Effects of orexin-A on propofol anesthesia in rats

Abstract

An active sleep homeostatic process is present during propofol anesthesia. Activation of the orexin system induces wakefulness, and inhibition of the orexin system causes narcolepsy. We hypothesized that orexin would affect propofol anesthesia. The effects of an intracerebroventricular (i.c.v.) injection of orexin-A (OXA) or an orexin-1 (OX-1) receptor antagonist, SB-334867, on the times to the loss and return of the righting reflex induced by propofol were examined in Wistar rats. The effects of propofol or OXA on norepinephrine (NE) and dopamine (DA) release from the prefrontal cortex (PFC) were examined using in vivo microdialysis. An i.c.v. injection of OXA (1nmol) decreased the time to emergence from propofol anesthesia mediated by the OX-1 receptor without changing anesthetic induction (n=8).
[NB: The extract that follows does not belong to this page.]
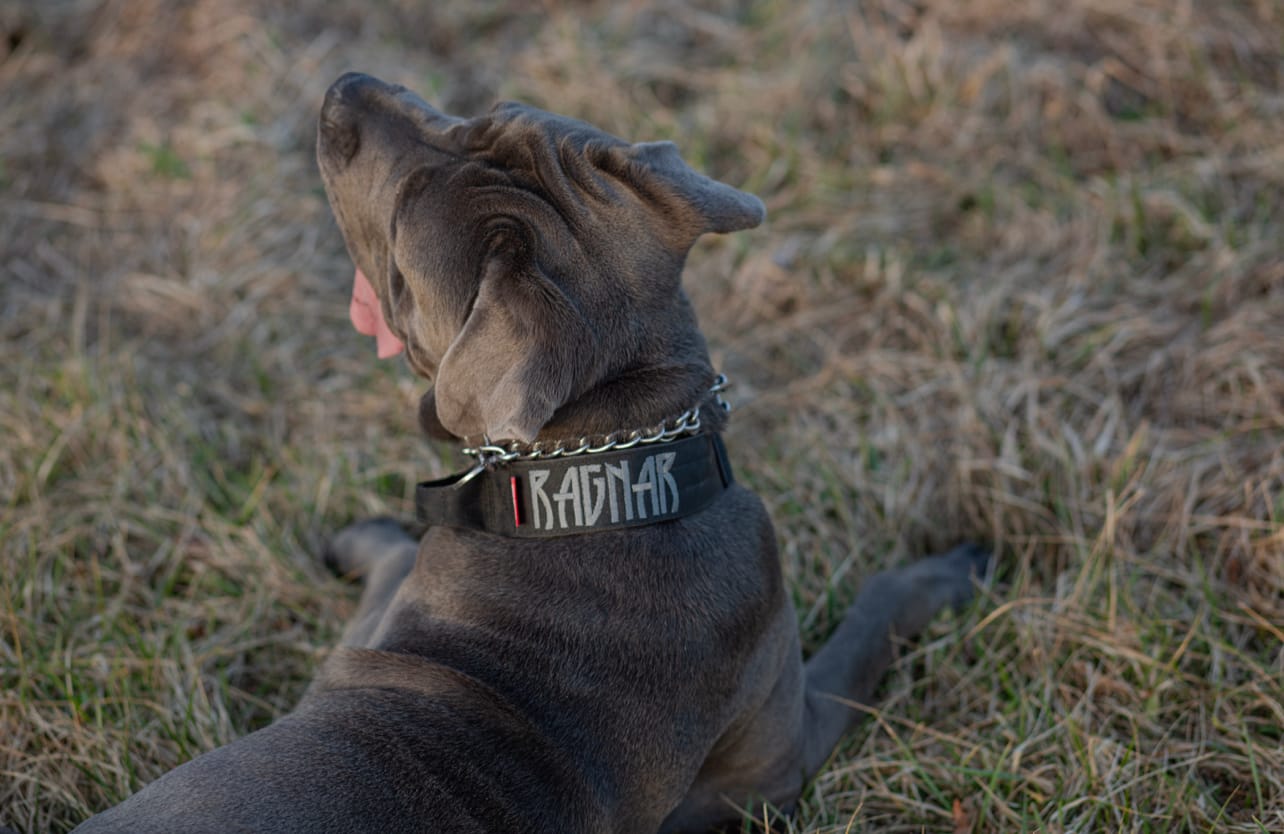 Customer photo review of 2" Tactik Dog Collar - Black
An i.c.v. injection of SB-334867 (5 and 50nmol) increased the time to emergence from propofol anesthesia without changing anesthetic induction (n=8). Intravenous infusion of propofol decreased NE (48±8%; n=8) and DA (61.2±11%; n=8) release from PFC mediated by the GABA(A) receptor. An i.c.v. injection of OXA reversed the decreases in NE and DA release induced by propofol mediated by the OX-1 receptor (n=8). These results indicate that the orexin system may accelerate the emergence from propofol anesthesia associated with increases in the central noradrenergic and dopaminergic activity.